Tuesday, May 19, 2015

David Brooks, "Learning From Mistakes": Would You Strangle Hitler in His Crib?

In his latest New York Times op-ed entitled "Learning From Mistakes," David Brooks also addresses whether George W. Bush's 2003 invasion of Iraq was a mistake. After inquiring whether we would strangle Hitler in his crib if we could go back in time, Brooks goes on to observe:

"History is an infinitely complex web of causations. To erase mistakes from the past is to obliterate your world now. You can’t go back and know then what you know now. You can’t step in the same river twice.

So it’s really hard to give simple sound-bite answers about past mistakes. The question, would you go back and undo your errors is unanswerable. It’s only useful to ask, what wisdom have you learned from your misjudgments that will help you going forward?"

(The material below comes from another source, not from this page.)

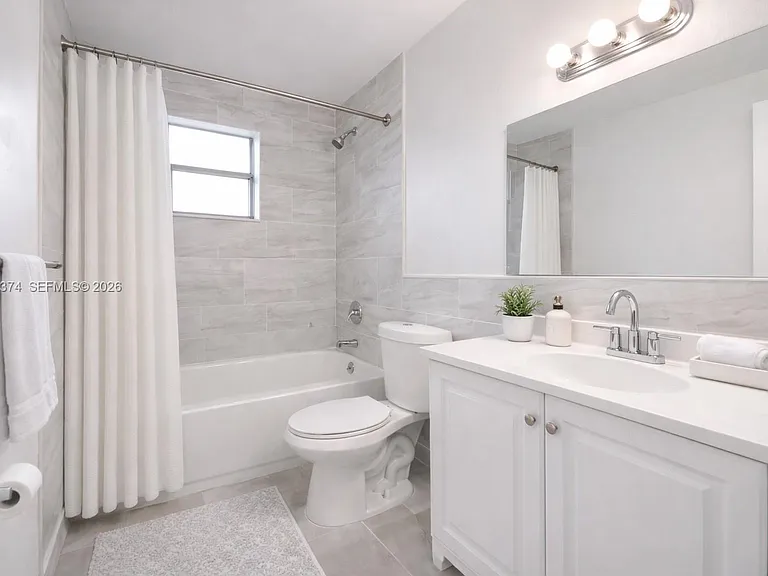 400 NE 1st St #108 — Photo 10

Brooks proceeds to acknowledge that the Iraq invasion was a "clear misjudgment" which he supported at the time, but then asks what can be learned from this mistake. Brooks's "first lesson" is that "we should look at intelligence products with a more skeptical eye." More important, in my opinion is Brooks's "second lesson" concerning the question, "How much can we really change other nations?" In this regard, Brooks writes:

"After the 1990s, many of us were leaning in the interventionist direction. We’d seen the fall of the apartheid regime, which made South Africa better. We’d seen the fall of communist regimes, which made the Eastern bloc nations better. Many of us thought that, by taking down Saddam Hussein, we could end another evil empire, and gradually open up human development in Iraq and the Arab world."

I agree: By opposing apartheid, the US made South Africa "better." In addition, various Eastern bloc countries were ready for democracy and free market economies after the US helped shatter Soviet dominion over its Eastern European vassal states. On the other hand, US intervention in Iraq demonstrated that the Middle East's Sunnis and Shiites are not prepared to live together in harmonious democratic societies free of violence - not now and not for many moons to come.

But has Obama learned this lesson? He is willing to grant Iran the right to build a nuclear arsenal after ten years, based upon the supposition that this savage neighbor of Iraq can be coaxed into 21st century tolerance within that decade. But is this a good bet based on the lessons learned from Iraq? What's your opinion?

1 comment:

  1. How much has Obama changed America by imposing Rules of Engagement on police forces deemed to be "racist"?

    imho, "progessives" never learn from their mistakes - they just pass new laws, endlessly campaign their wisdom, and use the military and police as agents of social change, with suffocating ROE.

    lawyers...

    Iraq would have been different if not for the idiotic decision to disband Saddam's army with no concurrent occupation.